To put the filesystem layout back into the kickstart file I inserted the following:

part / --fstype ext3 --size=100 --grow
part /localdisk --fstype ext3 --size=5120
part /recovery --fstype ext3 --size=1008
part /storedconfig --fstype ext3 --size=981
part /storeddata --fstype ext3 --size=2048
part swap --size=2048

To get the Centos Server to now boot from both the kickstart file and install from my webserver I now have to boot with linux ks=http://192.168.56.1/~nick/ACS/ks.cfg (this is instead of linux askmethod) and replace the line that says cdrom with url --url http://192.168.56.1/~nick/ACS.

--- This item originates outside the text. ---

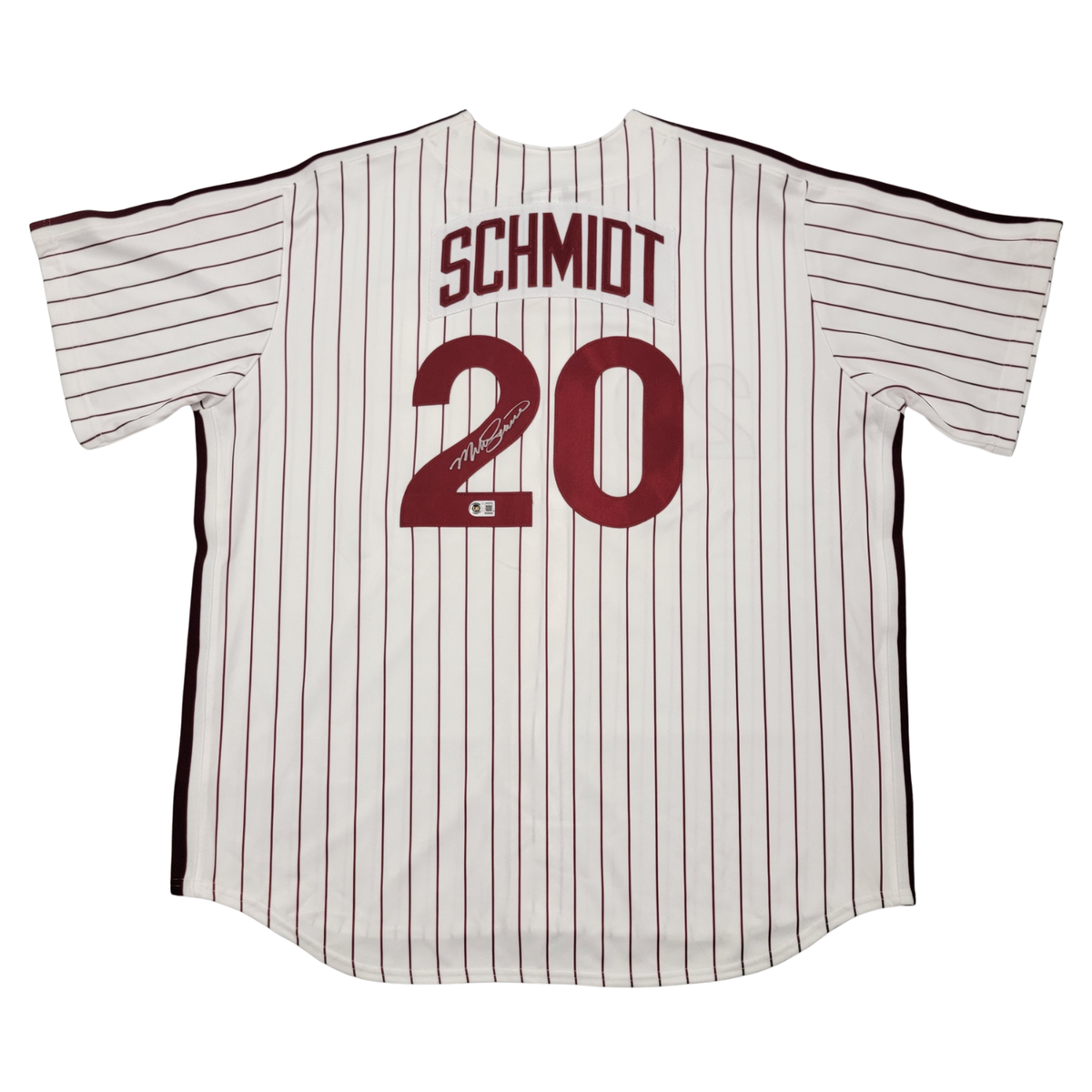 Mike Schmidt Signed Philadelphia Phillies Majestic White Pinstripe Jersey - Beckett-Powers Sports Memorabilia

After all that trial & error I was finally there! I have attached my ks.cfg for your reference and here is a summary of the steps to reproduce.

Install Summary:

  1. Download ACS
  2. Download Centos
  3. Install a web server
  4. Copy the contents of the ACS CD to your web server (look out for .discinfo)
  5. Replace ks.cfg with your edited version (or mine)
  6. Create a virtualbox machine
  7. Boot the VirtualBox machine from the CentOS CD with linux ks=http://URL
  8. As soon as you see a blue "installer" screen eject the CentOS CD
  9. Wait
  10. Done

Note: During my playing the anaconda installer crapped out a couple of times, just starting the process again seemed to fix the issue, some bottleneck on virtualbox disk accesses could be the problem.

Hope that all makes sense, happy hacking!